Note: You can find the charts/graphs for the Local Lowdown at the end of this section.
The East Bay returns to its year-over-year declines in median sale price
In the month of August, the East Bay bucked the trend of continual year-over-year declines in price. However, in September, this trend returned, as single-family median sale prices dipped by 1.59% in Contra Costa County and 1.98% in Alameda County. However, it’s important to note that listings in both of these areas look to be selling within the “band” of prices that they have historically sold at over the course of the past few years, so there’s no cause for concern yet! In the condo market, we did see some larger downward swings, with the median sale price for a condo in Contra Costa County declining by 4.21% on a year-over-year basis.
Inventories have begun to normalize, as summer buildup is sold off
As we all know, throughout the summer, we saw a huge buildup of inventory, as homebuyers reeled from the economic uncertainty presented by tariffs and swings in the stock market. However, over the past couple of months, we’ve seen a lot of that buildup sell off, as inventories return to normal levels. This has left us with just 2.41% more inventory in the single-family home market and 6.75% more inventory in the condo market on a year-over-year basis. The normalization in the single-family home market can largely be attributed to the fact that we saw nearly 10% more homes sold in September than we did just a year ago!
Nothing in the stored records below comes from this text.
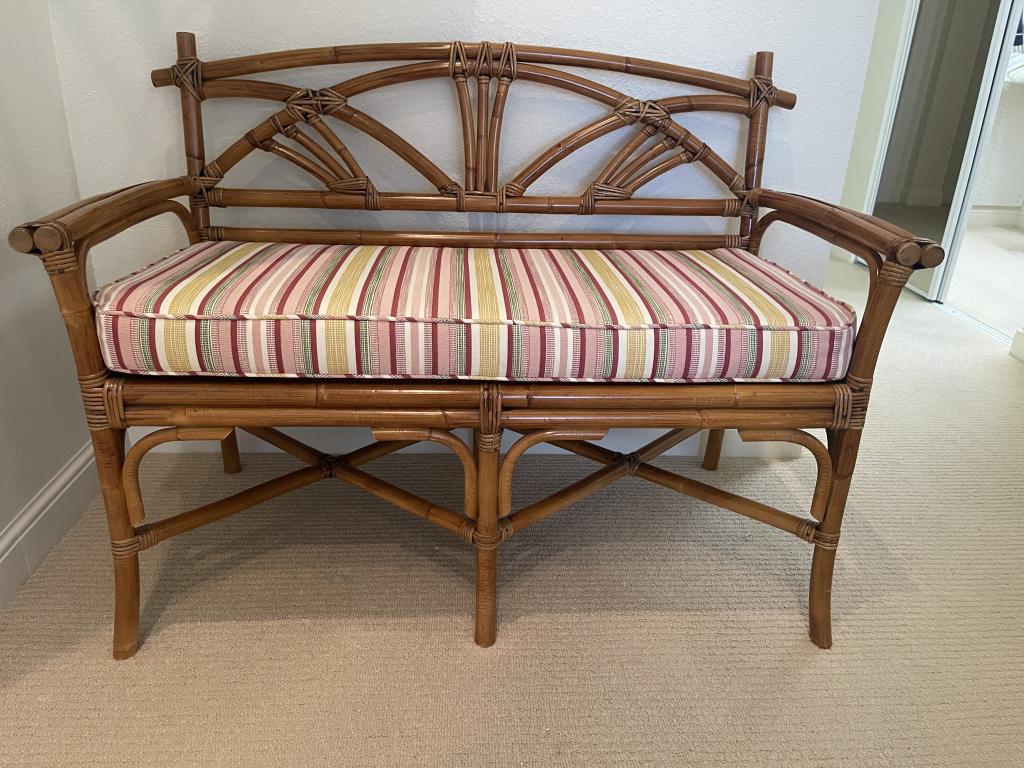 CHIPPANDALE WICKER BAMBOO BENCH (1 of 4)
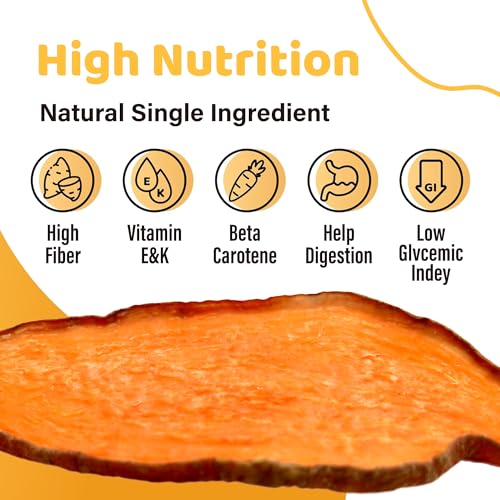 iPaw Sweet Potato Dog Treats, SQF Certified Single Ingredient Dog Treats for Vegetarian, All Natural Human Grade Puppy Chew, Rawhide Alternative, Hypoallergenic, Easy to Digest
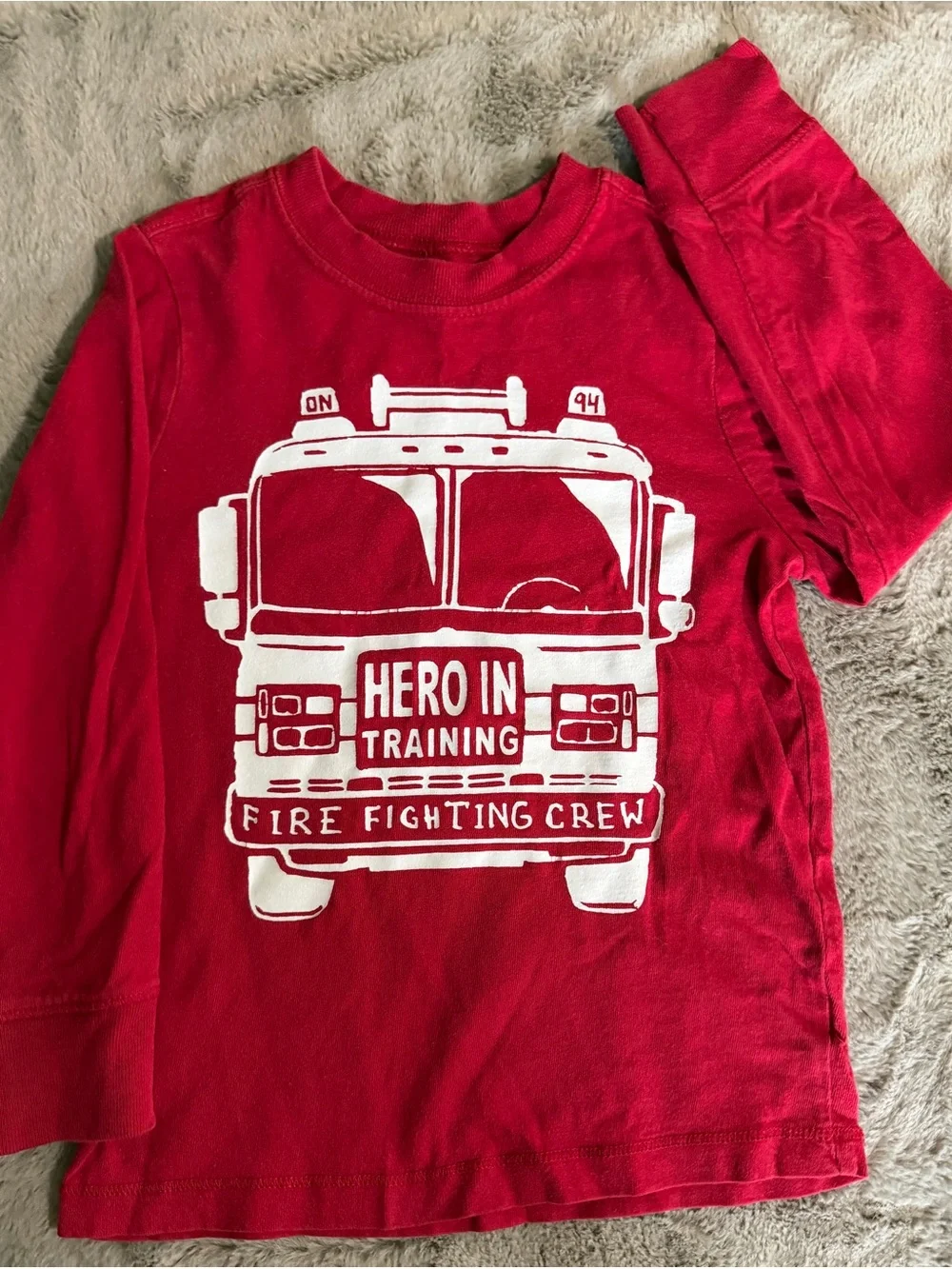 Kids Lot: Red & Navy Casual Tops and Pants firefighter theme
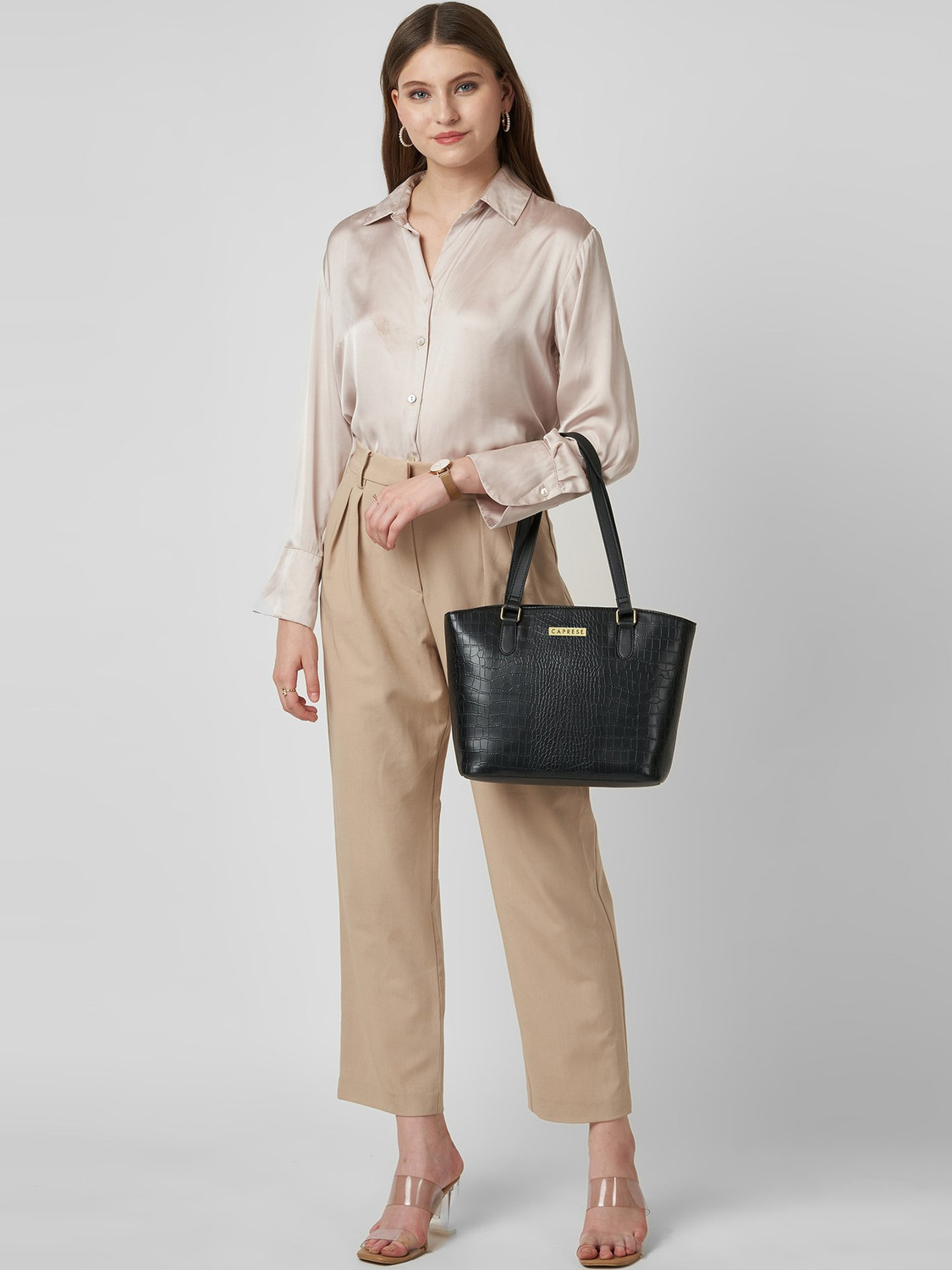 Image of Caprese York Tote Medium Black Bag for Women Multipurpose Bag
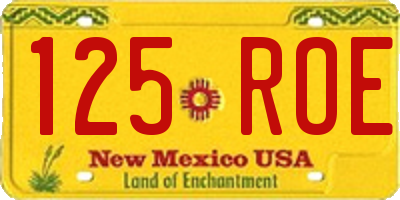 NM license plate 125ROE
Despite spending more time in the market, listings are still moving relatively quickly
Although inventories are slowly normalizing, listings are spending quite a bit more time on the market on a percentage basis. The average single-family home listing in Alameda County is spending 21.43% more time on the market than this time last year, and the average Contra Costa County listing is spending 27.78% more time on the market. However, when you look at the absolute number of days that these listings are spending on the market, we see that they’re still moving relatively fast, with Alameda and Contra Costa County single-family homes spending just 17 and 23 days on the market, respectively. We see a similar phenomenon in the condo market with 45.45% and 37.50% year-over-year increases in Alameda and Contra Costa counties. However, average listings are spending 32 and 33 days on the market, respectively.
The single-family home market remains a seller's market, and the condo market remains a buyer's market
When determining whether a market is a buyers’ market or a sellers’ market, we look to the Months of Supply Inventory (MSI) metric. The state of California has historically averaged around three months of MSI, so any area with at or around three months of MSI is considered a balanced market. Any market that has lower than three months of MSI is considered a seller’s market, whereas markets with more than three months of MSI are considered buyers’ markets.
Over the course of the past month, there hasn’t been much of a change in terms of the state of the overall markets in the East Bay. Single-family home markets remain heavily within sellers' territory, with just 2.1 months of inventory on the market in Alameda County and 2.6 months in Contra Costa County. Whereas the condo market tells a much different story, with 5 months of inventory on the market in Alameda County and 4 months in Contra Costa County, making the condo market a buyer-dominated market.